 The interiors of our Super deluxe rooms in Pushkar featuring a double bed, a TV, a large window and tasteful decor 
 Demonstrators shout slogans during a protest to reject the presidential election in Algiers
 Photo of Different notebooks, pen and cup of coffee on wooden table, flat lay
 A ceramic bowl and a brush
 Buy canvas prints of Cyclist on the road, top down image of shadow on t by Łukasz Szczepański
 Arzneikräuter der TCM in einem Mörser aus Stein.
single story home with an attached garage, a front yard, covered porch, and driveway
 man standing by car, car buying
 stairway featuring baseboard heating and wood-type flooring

### TASK PROMPT
In the listing above, find every line with the word "featuring" and copy it out.

### SOLUTION FOR THIS EXERCISE
 The interiors of our Super deluxe rooms in Pushkar featuring a double bed, a TV, a large window and tasteful decor 
 stairway featuring baseboard heating and wood-type flooring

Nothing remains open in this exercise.